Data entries
▼▼▼

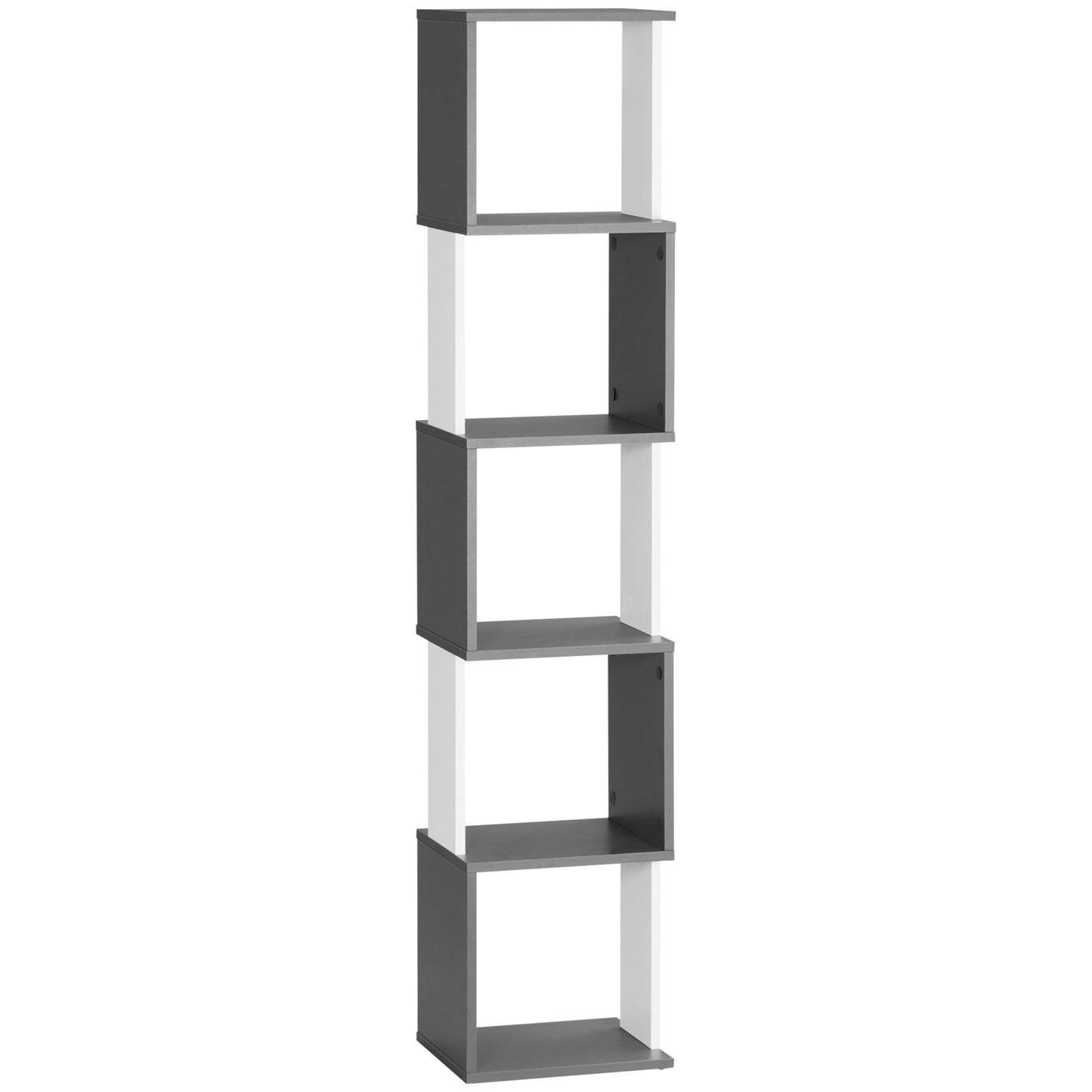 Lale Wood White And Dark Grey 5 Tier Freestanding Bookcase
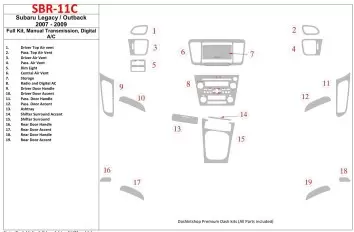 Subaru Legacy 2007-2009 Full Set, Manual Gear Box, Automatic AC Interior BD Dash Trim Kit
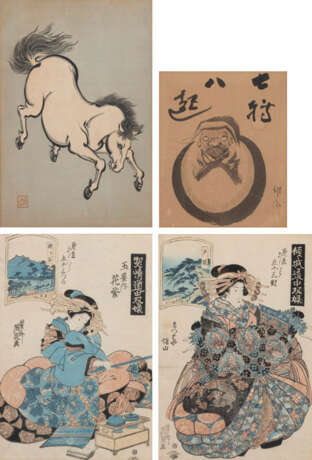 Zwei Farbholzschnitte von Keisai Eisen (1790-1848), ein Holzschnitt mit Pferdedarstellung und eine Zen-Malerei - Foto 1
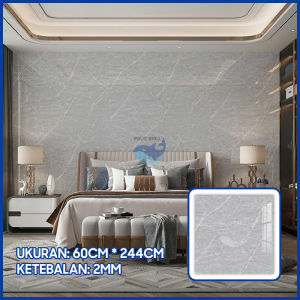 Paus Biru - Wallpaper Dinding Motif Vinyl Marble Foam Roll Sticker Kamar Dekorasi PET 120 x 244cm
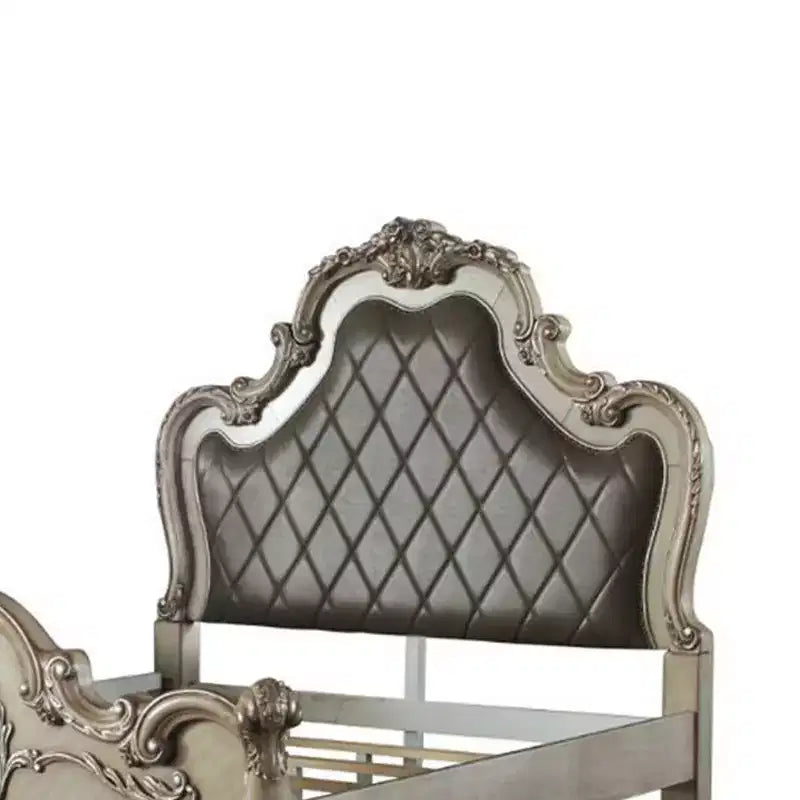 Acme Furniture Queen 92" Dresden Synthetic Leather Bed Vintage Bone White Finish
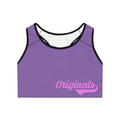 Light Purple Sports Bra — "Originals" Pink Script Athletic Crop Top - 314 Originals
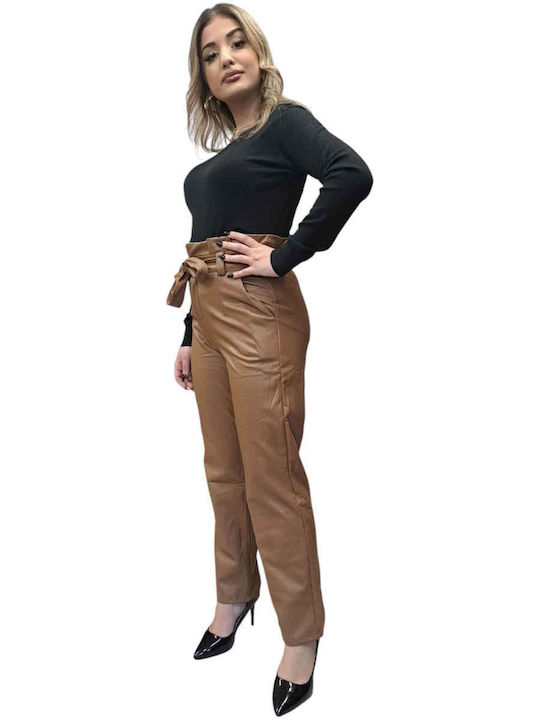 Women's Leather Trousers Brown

▲▲▲

▶ _Task objective_: Please give all of the data again, exact and free of pictures.

▶ _Solution to this problem_:
 Lale Wood White And Dark Grey 5 Tier Freestanding Bookcase
 Subaru Legacy 2007-2009 Full Set, Manual Gear Box, Automatic AC Interior BD Dash Trim Kit
 Zwei Farbholzschnitte von Keisai Eisen (1790-1848), ein Holzschnitt mit Pferdedarstellung und eine Zen-Malerei - Foto 1
 Paus Biru - Wallpaper Dinding Motif Vinyl Marble Foam Roll Sticker Kamar Dekorasi PET 120 x 244cm
 Acme Furniture Queen 92" Dresden Synthetic Leather Bed Vintage Bone White Finish
 Light Purple Sports Bra — "Originals" Pink Script Athletic Crop Top - 314 Originals
 Women's Leather Trousers Brown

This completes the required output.